La radiación UVA tiene menor intensidad en los meses más fríos, pero sigue siendo responsable del cáncer, las manchas y la aparición de arrugas en la piel. Seguramente te estés preguntando: ¿influyen de la misma manera los rayos solares de invierno y verano?
Es una de las preguntas que más nos planteáis en la farmacia, y la respuesta es no. Los rayos solares varían en verano e invierno. Te contamos por qué.
En los meses de invierno protagonizan los rayos ultravioletas A, los encargados de provocar el envejecimiento prematuro de la piel. Por lo tanto, los dermatólogos recomiendan utilizar un protector solar de factor 15 para todo el invierno.
En cambio, en los meses de verano los rayos predominantes son los B, aquellos responsables del cáncer de piel y de las quemaduras solares. En este caso, los dermatólogos recomiendan hacer un uso muy responsable de la protección solar y utilizar factor 50.
¿Cada cuánto tengo que renovar mi protector solar?
Los protectores solares, por lo general, incluyen fecha de vencimiento en el envase. No obstante, una crema solar suele perder sus propiedades a partir de entre los 6 y 9 meses después de abrirla. Se recomienda no utilizar los envases abiertos de un año a otro.

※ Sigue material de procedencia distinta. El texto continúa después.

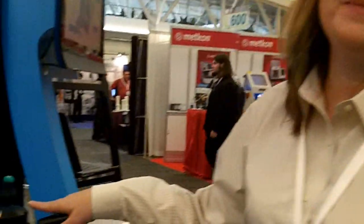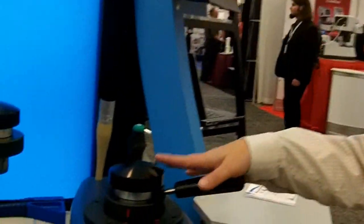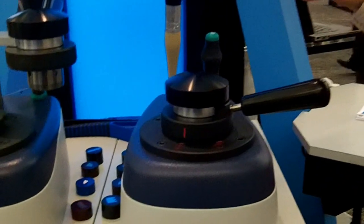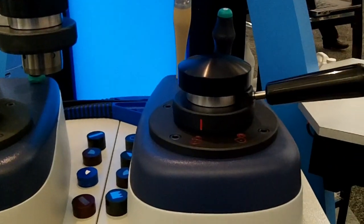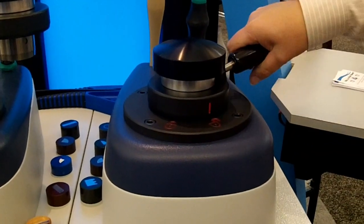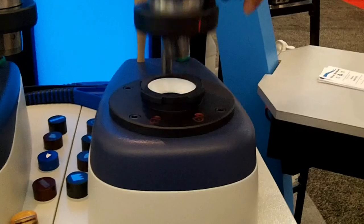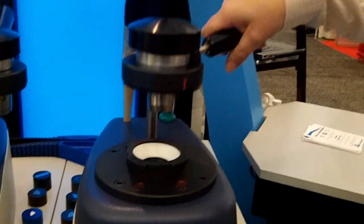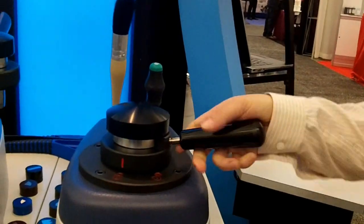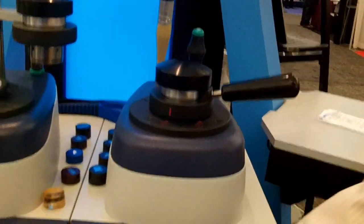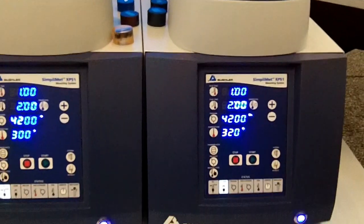So this is a SimpleBit XPS-1, an automatic compression mounting system. One of its great new features is it's easy to open and close with just one hand. Very easy. It has a nice slim footprint.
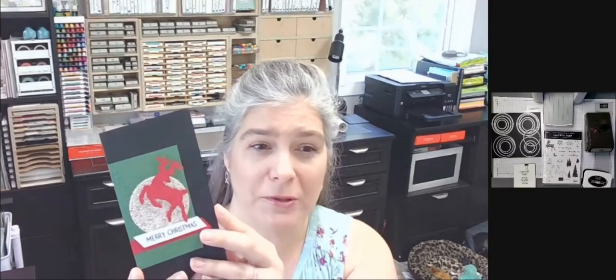Today I'm going to show you how to make a small slimline card using the Peaceful Deer Bundle from the mini catalog, and we're also going to be using the Bedazzling paper from Celebration, and then this Designer Series paper is called Peaceful Prints, and it is also from the Celebration brochure.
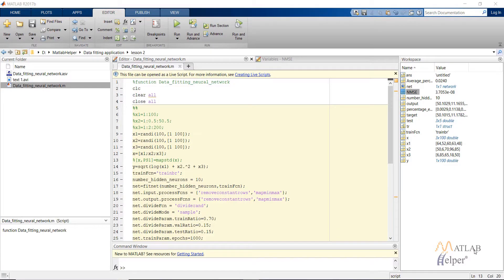Hello everyone, in this video tutorial we are going to discuss how to write the script for creating a data fitting neural network in MATLAB. In the last video we discussed the graphical user interface for the same. I've already written the code, and in this video we will be discussing this code line by line.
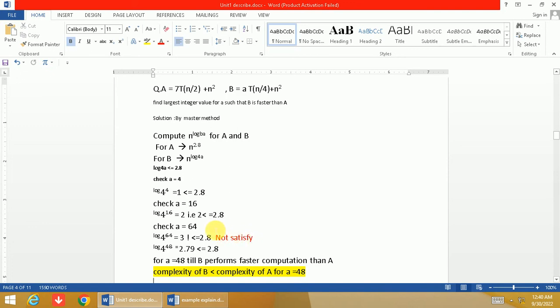So when we have taken the value of a as 48, log 48 base 4 is computed and it is 2.79. So 2.79 is still less than or equal to 2.8, so for a=48 this condition is satisfied.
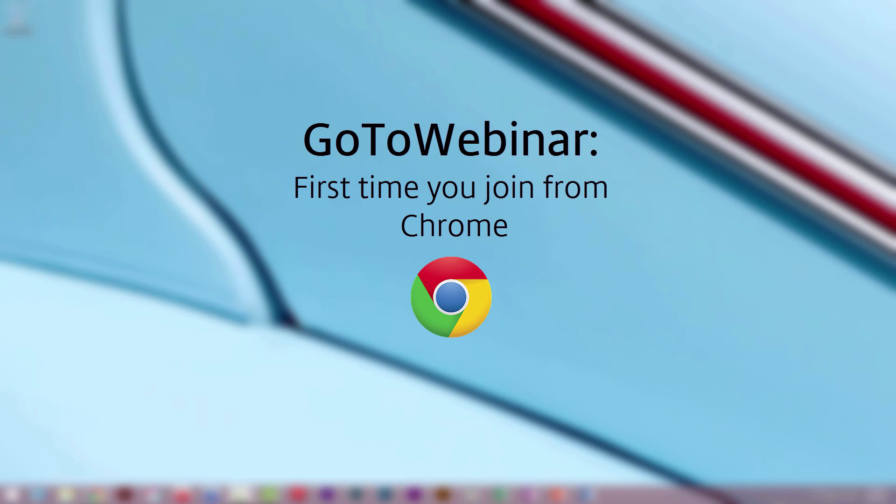If this is your first time joining a GoToWebinar session from the Google Chrome internet browser, you will need to run the launcher.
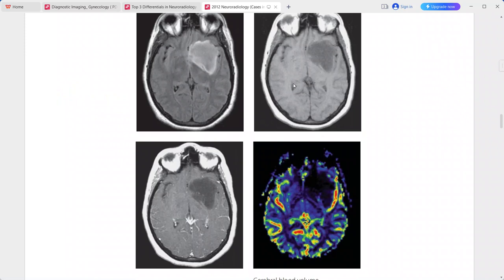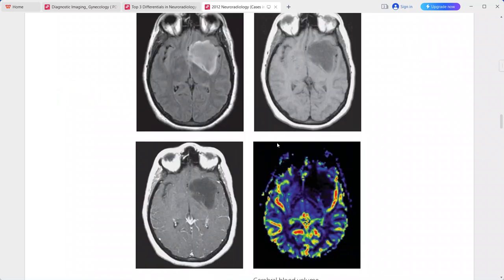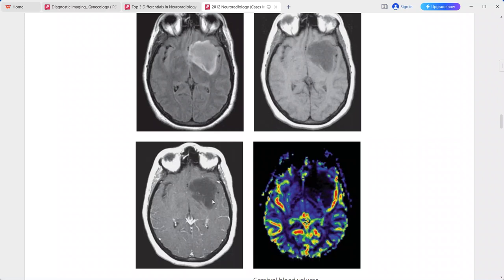On T2-weighted MRI, the mass is hyperintense. On the post-contrast sequence, there is no significant enhancement. On the FLAIR sequence, the mass is hyperintense.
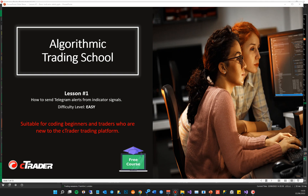Hi there and welcome to another free video tutorial. This is to help traders learn how to write their own algorithms and indicators through coding. In this lesson, we're going to show you how to send Telegram alerts from an indicator when there are certain trade signals. The difficulty level for this video is easy — it's suitable for code beginners, people with very little coding experience, and also people new to the cTrader trading platform.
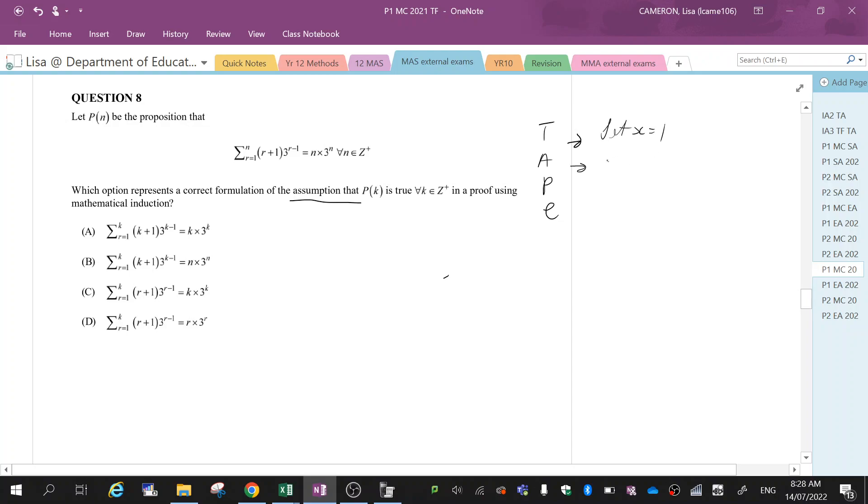Assume you let x equal k. Proving is you let x equal k plus one. So when we're assuming, we want to let it equal k.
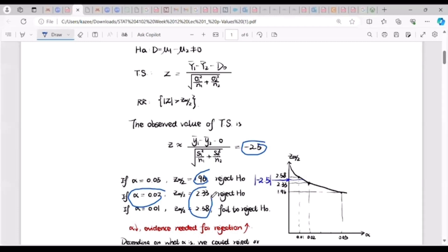At a 5% and 2% level of significance we are still rejecting the null hypothesis, because |2.5| is greater than the respective critical values. But at a 1% level of significance — meaning 99% confidence — the z-score is 2.58, and we can no longer reject the null hypothesis because the test statistic does not fall in the rejection region anymore.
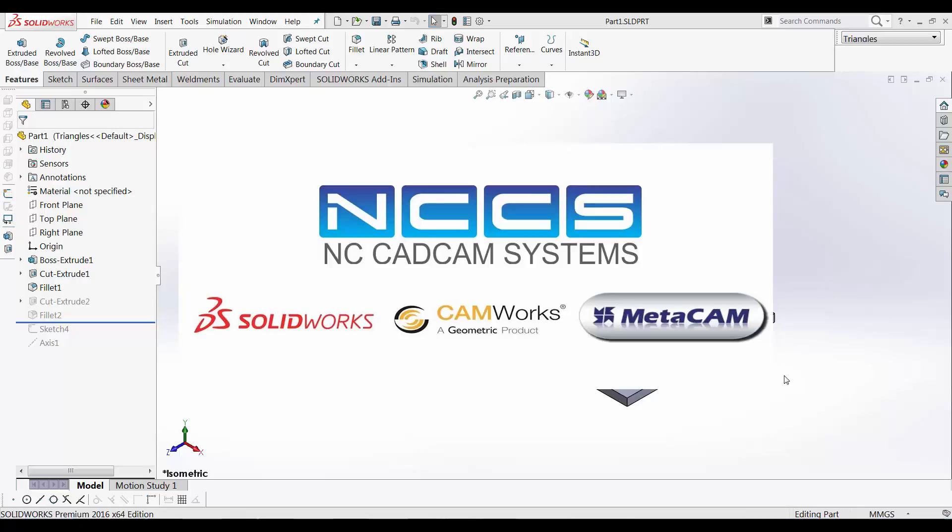Welcome to another SOLIDWORKS video by NCCS, your SOLIDWORKS provider.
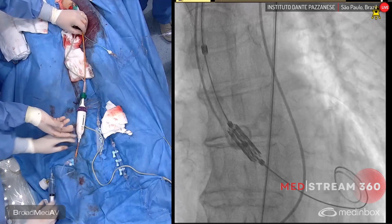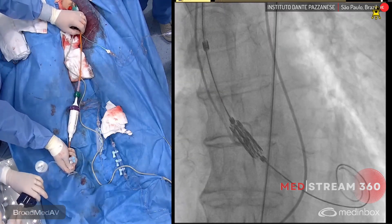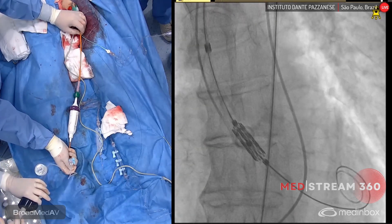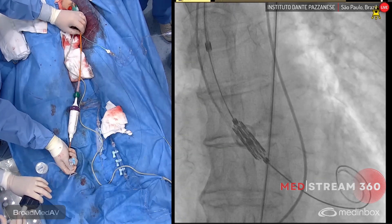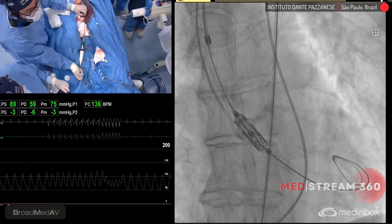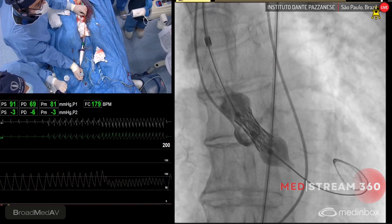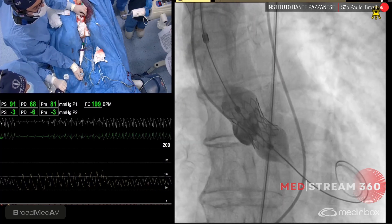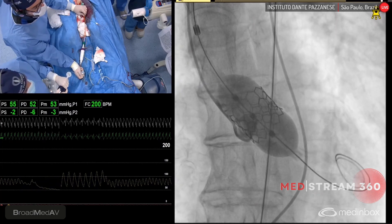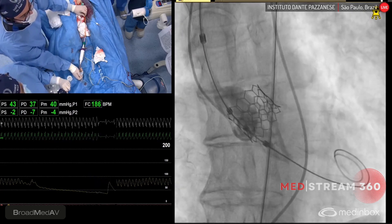Let's go. Pacemaker on, 120. Okay, 200. Inject. Yeah, that's a good position. One, two, three, four, five. And pacemaker off.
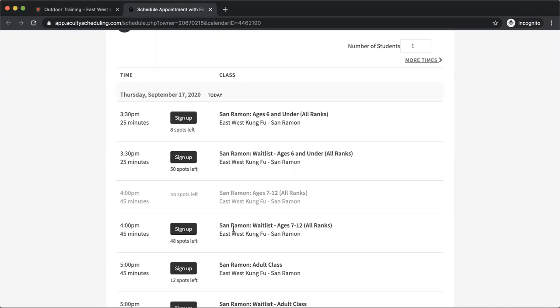But I can sign up still on the waitlist, and this would just let us know that you're interested in coming to the class in case a spot does open up. Now signing up on the waitlist does not guarantee you a spot, but it does let us know who to contact just in case a spot does open up on the class.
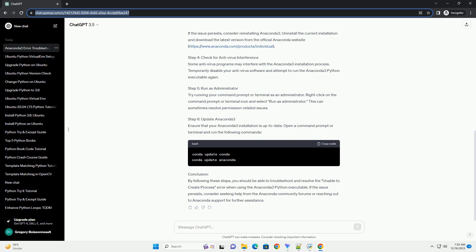Verify Python Executable. Make sure that the Anaconda 3 Python Executable is present in the specified directory. The executable is typically named python.exe and can be found in the scripts subdirectory of the Anaconda 3 installation folder.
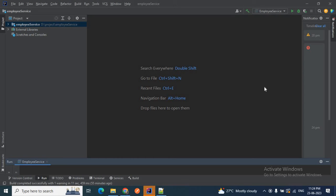Hello friends, welcome back once again to my video tutorial. This is Lipsa. In my last video I described how we can add external JAR files to a Java project.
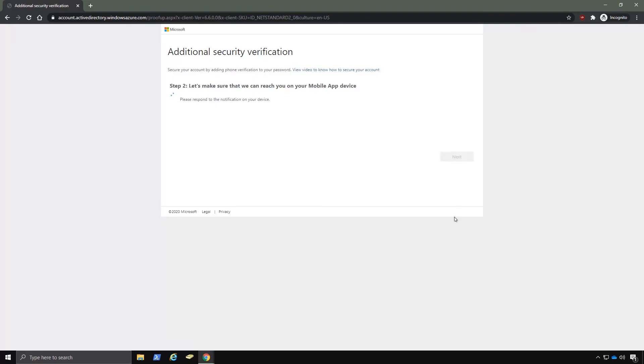And unfortunately, I don't have a screen capture of my phone, but here I am getting prompted to approve this request. And you can see here that the verification was successful.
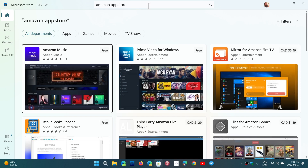If you're in a supported country like the United States, you'll see the Amazon App Store. Installing it will also install the Android subsystem at the same time. You'll be limited to Amazon Android apps, though there are tricks to sideload other apps if you want to go that route.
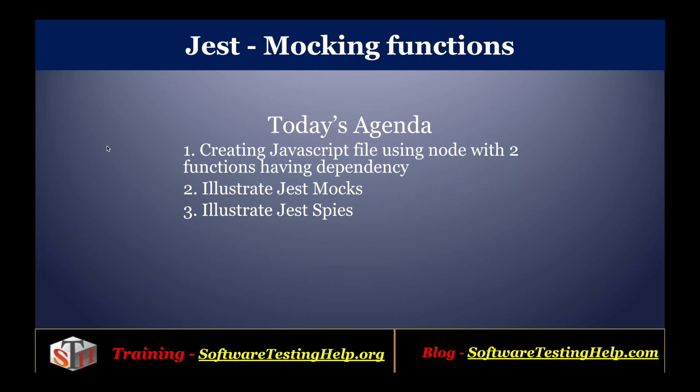Welcome to the tutorial series on Jest from Software Testing Help. As part of the agenda, we'll see how you can mock functions using Jest. We'll create a sample application and test using Node with two functions having dependency. We'll illustrate what are JestMock and what are JestSpies.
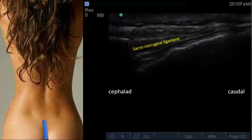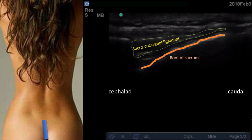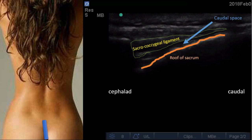Here the ligament is very well visualized, the roof of the sacrum is also visualized, and in between we find the epidural space at the caudal level. By entering from lateral to medial or caudal to cephalad, we can see the needle in-plane in real-time view.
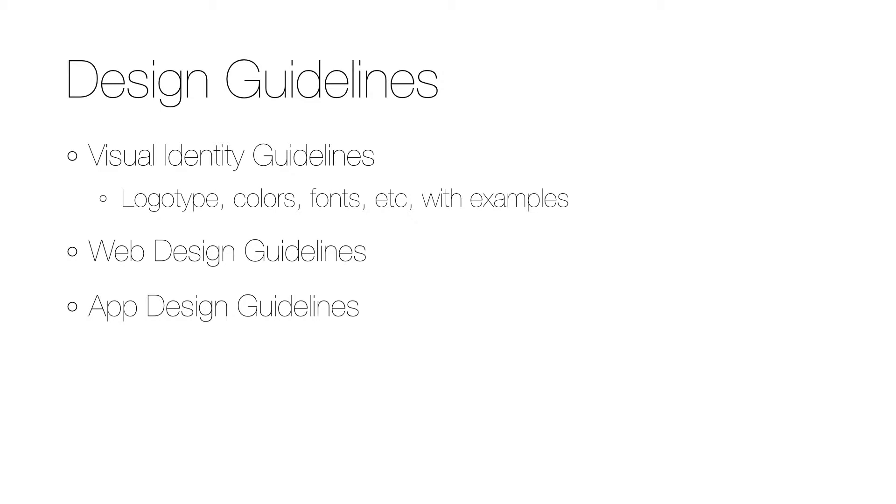Many organizations have gone further and created design guidelines for their web presence with similar rules and examples. The fairly new channel of mobile apps has been used for all kinds of playful trial and error when it comes to both design and function.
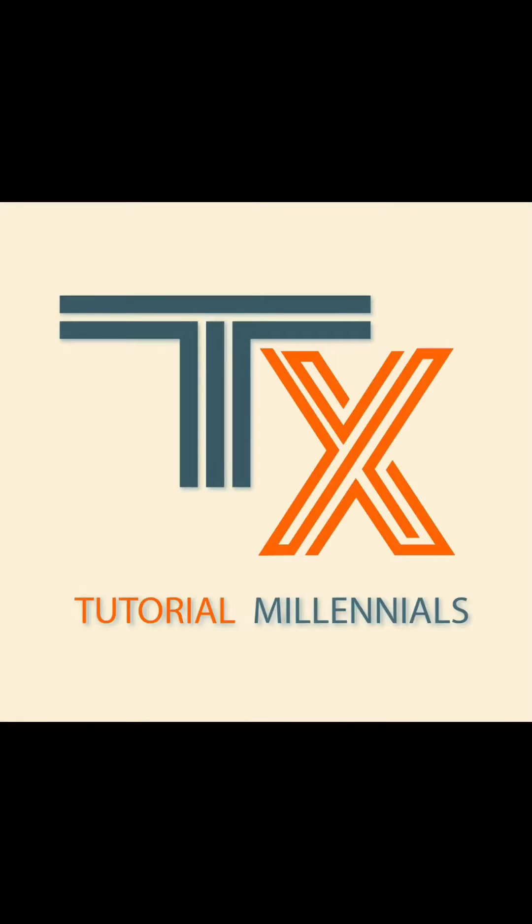Hi everyone! Welcome back to Tutorial Millennials channel. In this video, I'll be showing you how you can resize your video on CapCut.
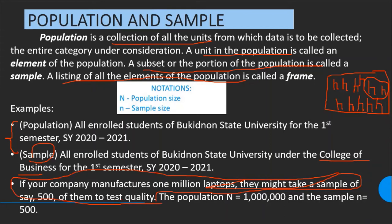Consider this problem: if your company manufactures 1 million laptops, they might take a sample of 500 of them to test the quality. The population here is all the manufactured laptops — technically 1 million. The sample is those 500 laptops whose quality is tested, so n equals 500.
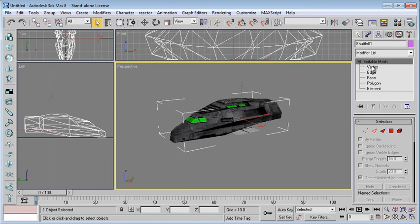You can split it by vertices, edges, face, polygons, or element. It all depends on what you want.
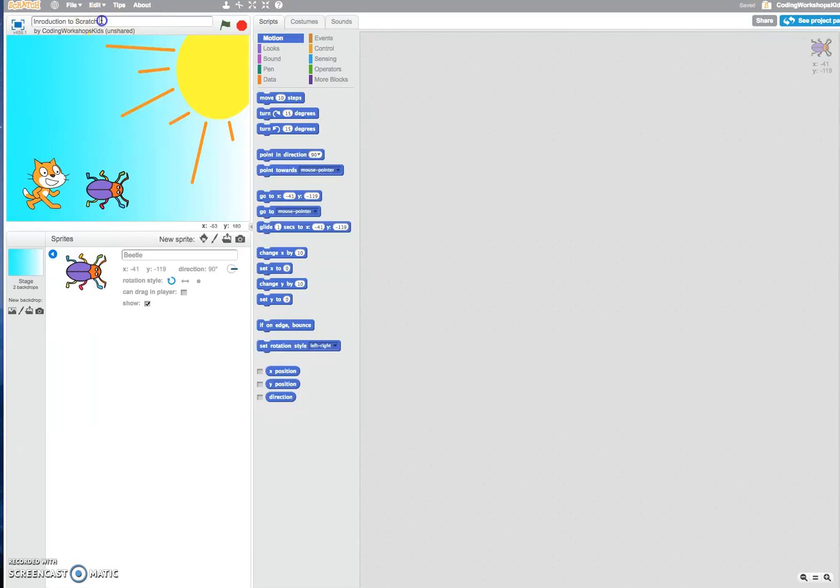Don't forget you can always save your Scratch project by giving it a file name. For me I've called it introduction to Scratch.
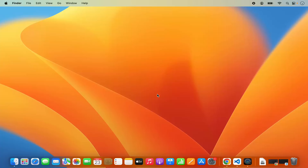Hey guys, in this video I'm going to show you how you can download and install Qt Framework with Qt Creator on your Mac Operating System. So let's get started and let's see how we can do it.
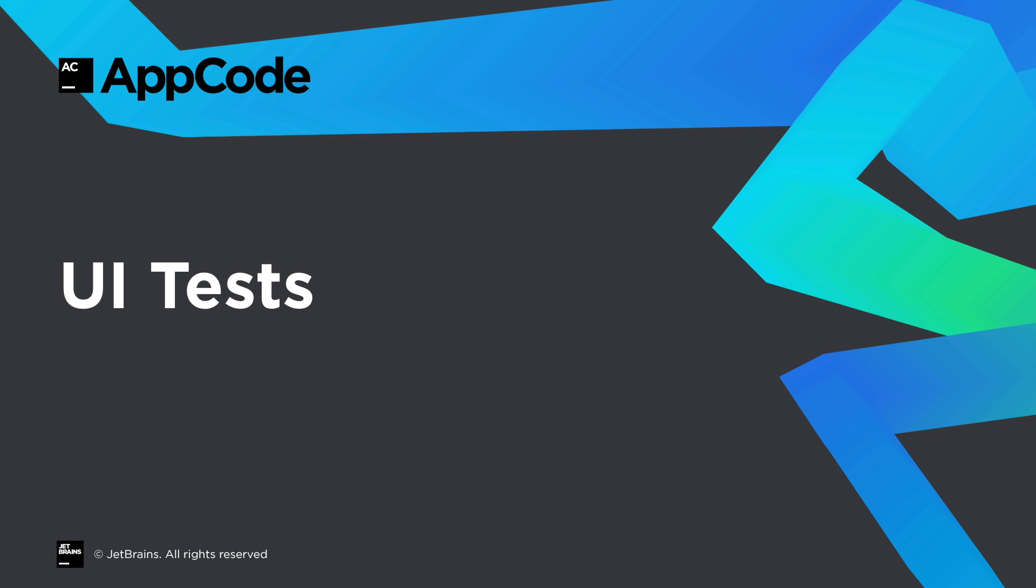Now when it comes to testing your code, AppCode has a built-in test runner. Well this has now been extended to support user interface testing too. For this example, we're going to use the source code for the Brave browser, which you can find on GitHub. And you see we have some UI tests here.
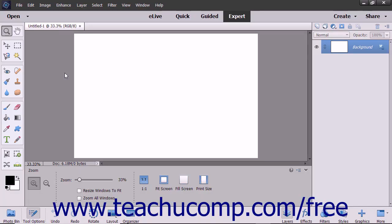Photoshop Elements also has three other exciting text tools: Text on Selection, Text on Shape, and Text on Custom Path. These tools let you create a selection, shape, or path in your image and then insert text that follows along the outline of the selection, shape, or path.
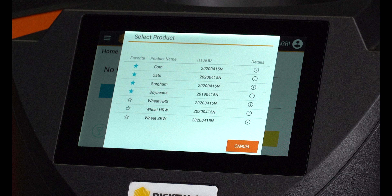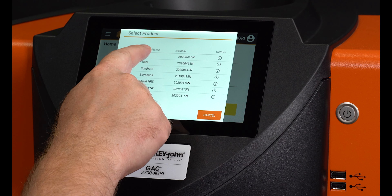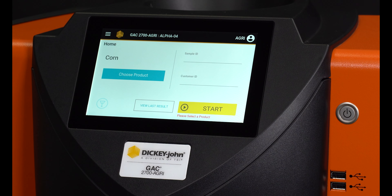A pop-up window will appear showing all grain calibrations installed on the instrument. Press the desired grain name and the product calibration will automatically transfer to the home screen for analysis.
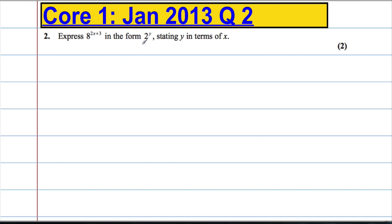The first thing I notice is that we have an 8 here, yet the question is asking me to write it in the form 2 to the power of y. So I would like to write 8 as a base of 2 rather than as 8. So 8 we can write as 2 cubed.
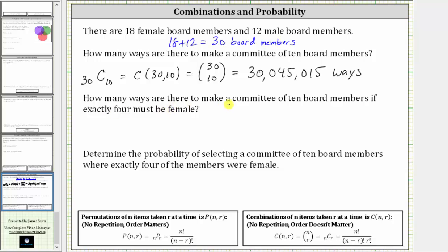The next question is: how many ways are there to make a committee of 10 board members if exactly four must be female? We need to be careful here — if exactly four must be female and the committee consists of 10 members, that means exactly six must be male. So we must determine two things: the number of ways to select exactly four females, and the number of ways to select exactly six males.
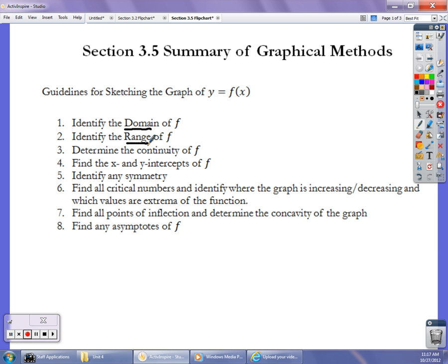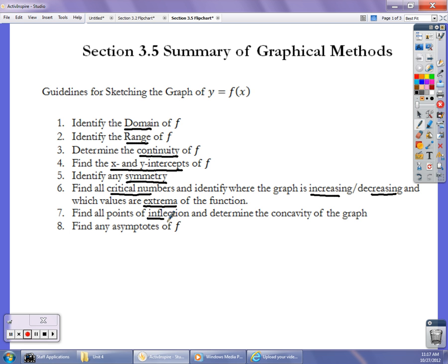So we're going to take a look at domain and range — topics we've been looking at for a while — the continuity of a function, the x and y intercepts, any symmetry if it applies, critical numbers, where the graph is increasing and decreasing, extrema, inflection points, change in concavity, and any asymptotes, and then we want to sketch the graph. There's really not any new topics here. It's not like I'm going to do anything in my example that we haven't seen before somewhere in the class.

Os dejamos algunas recomendaciones para mantenerla en buen estado y garantizar su efectividad:
- Guardar la crema dentro de casa en un lugar seco y con una temperatura ambiente idónea.
- No olvidar la crema solar en el coche. Es un lugar que alcanza altas temperaturas y puede inferir en el mantenimiento del producto.
- En la playa, intenta guardar el protector siempre en un neceser y no la dejes encima de la toalla.